What makes the art and architecture of the Vijayanagara empire unique compared to its contemporaries?
“It is not possible to compare Vijayanagara architecture to its contemporaries because at this time, the major contemporaries were Muslim kingdoms including the Bahamanis and the Mughals, and their art traditions were vastly different. Also, the genius of Vijayanagara art and architecture is not just in their built heritage but also in sculpture and painting, although very little of the painting of this period has survived.
“In the later part of the 14th century, Buka Raya II sent his son Vira Kampila Raya to conquer Tamil Nadu. Prior to this, Hampi had its own architectural tradition borrowed from the Deccan, featuring fairly plain temples with step-pyramidal style vimanas or superstructures. Upon conquering Tamil Nadu, Vijayanagara rulers were impressed by and sought to emulate the grand, elaborate, architecture of the region developed from the 8th century onwards by the Pallavas, the great Cholas and the Pandyas. They also must have brought artisans and craftsmen to Vijayanagara from Tamil Nadu.
“While traces of later Chalukya architecture can be found in Hampi, it is interesting that they chose to not borrow architectural styles from Karnataka traditions of the early Chalukya and Hoysala period. Instead, the Vijayanagara emperors looked to Tamil architecture for inspiration.
“In Tamil temples, the main focus of the architects was on the vimana which sported the best sculptures and the most detailed work. Interestingly, in Vijayanagara architecture, the best work is usually found in the pillared halls and not on the vimanas. There are also certain set themes you expect to find in a Chola temple—for instance idols of Durga and Brahma in the north and those of Ganesha and Dakshinamurthy in the south. Vijayanagara architecture, while borrowing the style, ignored these iconic themes and in their place created new imagery and iconography interspersed with secular structures.”
“Vijayanagara took from the Tamils, created something new, then spread it throughout the kingdom. Much of it lasted well into the Nayaka period (which came immediately after) and eventually became what we call the South Indian style of temple architecture continuing till today in India and overseas.”
What do you remember of Hampi when you first visited the site in 1983?
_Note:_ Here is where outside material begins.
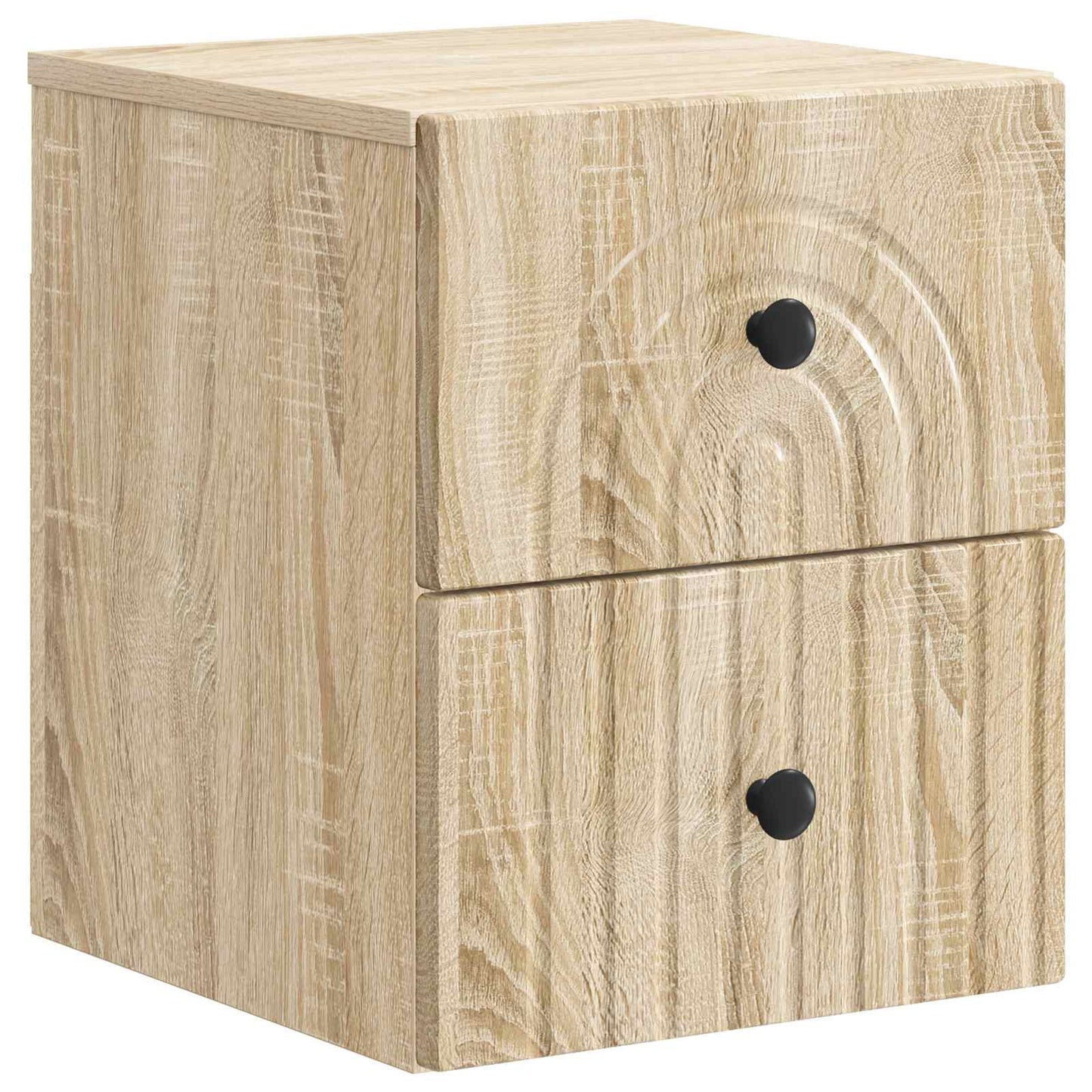 Mobiletto da notte a muro Rovere Sonoma 33 x 34,5 x 40 cm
“My first trip to Hampi was in 1983 before there was a direct train connection or broad-gauge line to the city. There was no place to stay really, except a PWD guest house and a couple of other guesthouses near the Tungabhadra dam. Or you had to stay in Hospet 13 kilometers away. I visited Hampi every year from 1983 to 2001, and sometimes more than once a year. Even after that, I visited once every few years and my last trip was in 2017. When I was doing documentation for my PhD between ’85 and ’89, I went from pillar to pillar, structure to structure, inspecting and making notes.”
Are there sculptures at the site that continue to puzzle you?
“What is amazing about this site is there has not been even once that I have visited and not noticed something new. In the Hazara Rama temple, there is a relief of a figure that is obviously Vishnu and he is resting on what looks like a tree. What is he doing on a tree? This puzzled me to no end. Post 2001, I have been traveling extensively, visiting temples in Vijayanagara and post Vijayanagara sites across South India, and I don’t think I have ever come across this particular image or sculpture. After decades of research, I finally seem to have the answer and I am going to be writing about it, so I won’t reveal the secret here.
“Then there is the sculpture of what looked like a man grappling with an elephant of which there are about seven reliefs scattered all over the site. It was only much after my PhD and my third book that I found out that this sculpture references the local story of the son of Veerabhadra, Madivelaiah, who is a patron of the washermen. The first time I saw it must have been in the late ’80s and by the time I made the connection, it was around 2005-2006. This is why I say you cannot visit Hampi in a day.”